■ **PROBLEM STATEMENT**
Write out again, exactly, the lines below starting at the one with "Перекладні наклейки SCRIBBLE" and ending at the one with "10x38x10x100mm 2 AĞIZ".

■ **STUDY MATERIAL**
'''

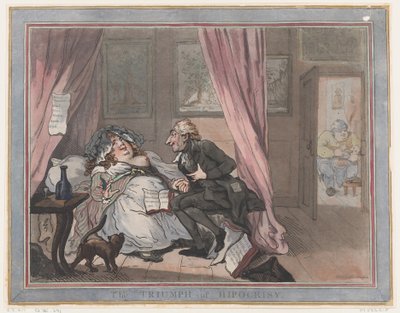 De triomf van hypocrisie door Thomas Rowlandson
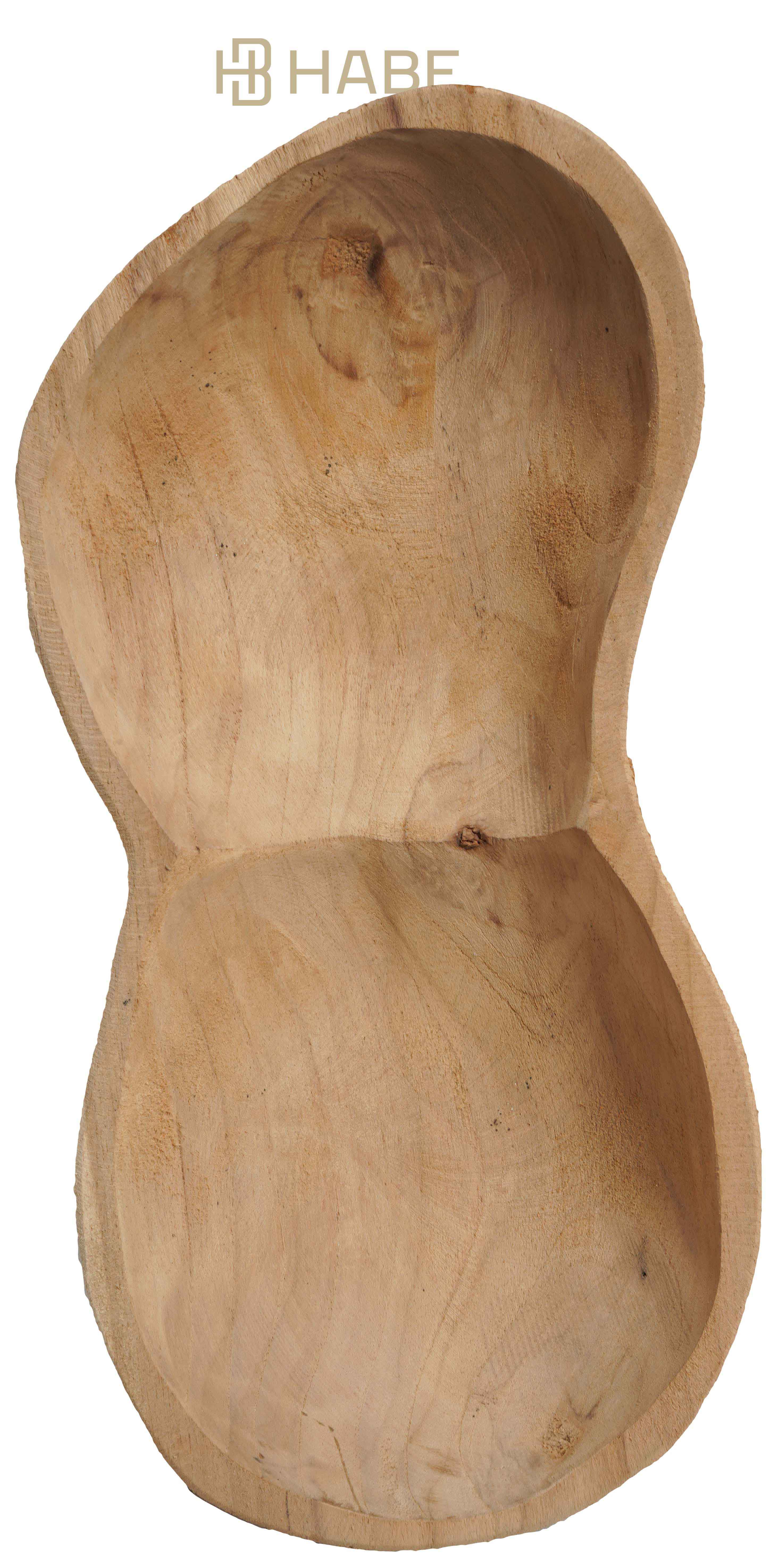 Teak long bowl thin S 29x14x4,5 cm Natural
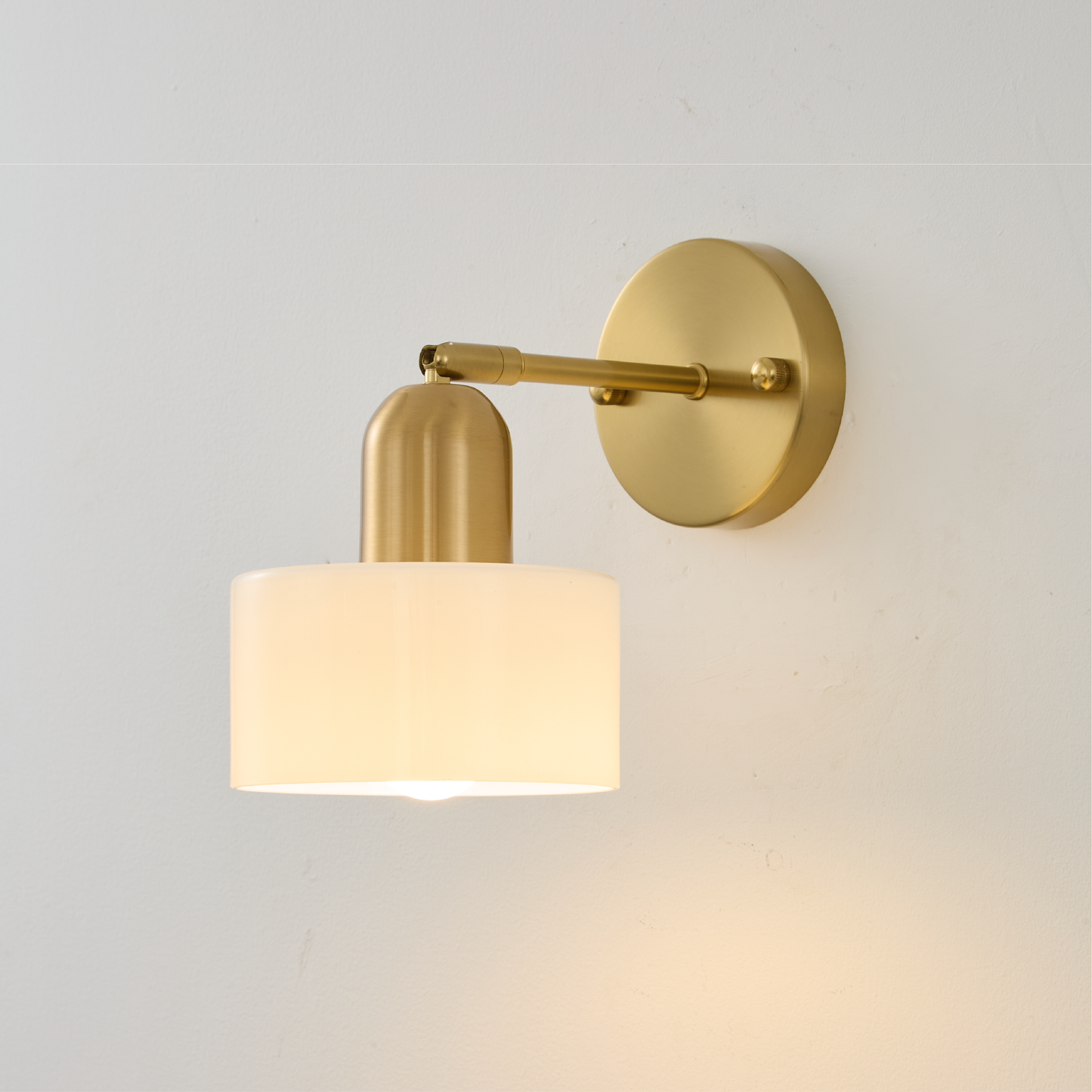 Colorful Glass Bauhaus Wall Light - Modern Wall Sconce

'''
'''

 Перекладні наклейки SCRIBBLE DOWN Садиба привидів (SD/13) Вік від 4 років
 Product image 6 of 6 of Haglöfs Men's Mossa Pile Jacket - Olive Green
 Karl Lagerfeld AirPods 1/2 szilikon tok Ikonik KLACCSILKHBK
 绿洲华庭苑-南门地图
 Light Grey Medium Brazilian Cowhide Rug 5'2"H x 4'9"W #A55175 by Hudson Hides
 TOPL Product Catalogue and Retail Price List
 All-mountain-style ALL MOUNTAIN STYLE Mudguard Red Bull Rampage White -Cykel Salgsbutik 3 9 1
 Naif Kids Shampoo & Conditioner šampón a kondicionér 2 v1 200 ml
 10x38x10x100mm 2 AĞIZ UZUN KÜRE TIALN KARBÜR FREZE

'''

■ **REPLY**
 Перекладні наклейки SCRIBBLE DOWN Садиба привидів (SD/13) Вік від 4 років
 Product image 6 of 6 of Haglöfs Men's Mossa Pile Jacket - Olive Green
 Karl Lagerfeld AirPods 1/2 szilikon tok Ikonik KLACCSILKHBK
 绿洲华庭苑-南门地图
 Light Grey Medium Brazilian Cowhide Rug 5'2"H x 4'9"W #A55175 by Hudson Hides
 TOPL Product Catalogue and Retail Price List
 All-mountain-style ALL MOUNTAIN STYLE Mudguard Red Bull Rampage White -Cykel Salgsbutik 3 9 1
 Naif Kids Shampoo & Conditioner šampón a kondicionér 2 v1 200 ml
 10x38x10x100mm 2 AĞIZ UZUN KÜRE TIALN KARBÜR FREZE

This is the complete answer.